Das Statistische Landesamt zählte Ende 2003 genau 102.836 bei der Steuer angemeldete Hunde, verwöhnt von 98.192 HalterInnen. Wahrscheinlich laufen weitere 30.000 bis 40.000 beste Freunde des Menschen ohne Plakette herum, schätzt die Sozialverwaltung.

Berlin ist nicht nur Tölenhauptstadt, es ist auch die Hauptstadt der Salmonellen, Haken- und Spulwürmer. In Bezirken wie Neukölln sieht man um Straßenbäumen oft vor Wurst die Erde nicht mehr. Wo die sauberen Tiere noch ihre Pfötchen hinstellen, bleibt ihr Geheimnis.
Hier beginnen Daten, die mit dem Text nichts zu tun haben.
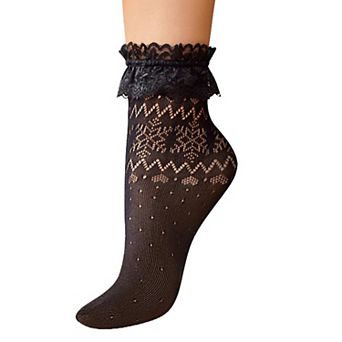 Avidlove Lace Ruffle Frilly Ankle Socks for Women Fashion Ladies Princess Lace Ankle Socks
Kinder wollen demnächst die Haufen vor ihrer Schule bunt ansprühen, andere Bezirke sperren Plätze oder hängen Tüten-Spender auf (Text unten links). Zarte Pflänzlein, die der Kot erstickt – denn ändern werden sie nichts.

Wer über Hundescheiße spricht, darf über den Besitzer nicht schweigen. Der zeichnet sich vor allem dadurch aus, dass ihm Bellos Darmentleerung herzlich egal ist. Ein, zwei Meter vor der eigenen Fußmatte kann der rechte Ort sein. Darauf angesprochen, kontert er mit logischen Argumenten („Ick zahl ja Hundesteuer“), listigen Gegenfragen („Soll der mir aufs Sofa kacken?“) oder sanften Appellen („Kümmer dir um deinen eigenen Scheiß“). Ein Mitarbeiter des Ordnungsamtes Mitte, der anonym bleiben will, berichtet: „Mal ehrlich, wer hat schon so ein Tütchen dabei? Die Ermahnungen unserer Kiezstreifen bewirken bei den Haltern so gut wie keinen Lerneffekt. Besonders schlimm ist es auf grünen Straßeninseln: Da wird Fiffi hingeführt und kann sich ausdonnern.“ In anderen Bezirken fingen Herrchen und Frauchen schon Prügeleien an. Dabei haben die laut Straßenreinigungsgesetz „dafür Sorge zu tragen, dass ihre Hunde die Straßen nicht verunreinigen“. Liegen lassen kostet. Bis 35 Euro auf Straßen (ebenjenes Gesetz), bis 20 Euro in Parks (Grünanlagengesetz). Glaubt man dem Mann aus Mitte, kümmert das keinen.

Ausbaden müssen die 400 Badewannen die Jungs in Orange. „Aber das hundekotliche Engagement unserer Mitarbeiter kann allenfalls einen kleinen Teil des Problems lösen“, sagt Bernd Müller, Sprecher der Berliner Stadtreinigungsbetriebe (BSR). Selbst wenn der Straßenkehrer um halb sieben in der Früh die Runde im Kiez macht, erwischt er gerade mal das Morgengeschäft. „Aber jeder Hund löst sich zwei bis drei Mal am Tag in die öffentliche Stadtlandschaft“, sagt Müller. „Sich lösen“ ist Amtsdeutsch und lässt sich mit „Exkremente absondern“ übersetzen. Das aber nur am Rande: Das Problem löst sich dadurch ja nicht. Die BSR-Leute sind Beseitigungsprofis und mit den Tücken des Objekts vertraut. „Wenn die Substanz frisch ist, führt jeder Kehrversuch zu mehr Verschmierung, besonders beim Mosaikpflaster.“ Der geübte Kehrer lässt manches links liegen.

Das kostet natürlich Geld. Wie bitte? „Ick zahl ja Hundest …“, ja, ja, klar. Aber selbst wenn man die 11,2 Millionen Euro, die das Land pro Jahr durch die Hundesteuer einnimmt, komplett an die BSR überweisen würde, reicht das nicht. Sagt Sprecher Müller. „Die Belastung der öffentlichen Hand liegt mit Sicherheit höher als die Erträge aus der Hundesteuer“, bestätigt Matthias Kolbeck, Sprecher der Finanzverwaltung.

Aber nur rummeckern bringt nichts. Deshalb ein Tipp für die Hundefreunde im Senat: Warum nicht den bald stillgelegten Flughafen Tempelhof zur Riesenhundewiese erklären – auf Lebenszeit? Die Besitzer haben natürlich ein Besuchsrecht.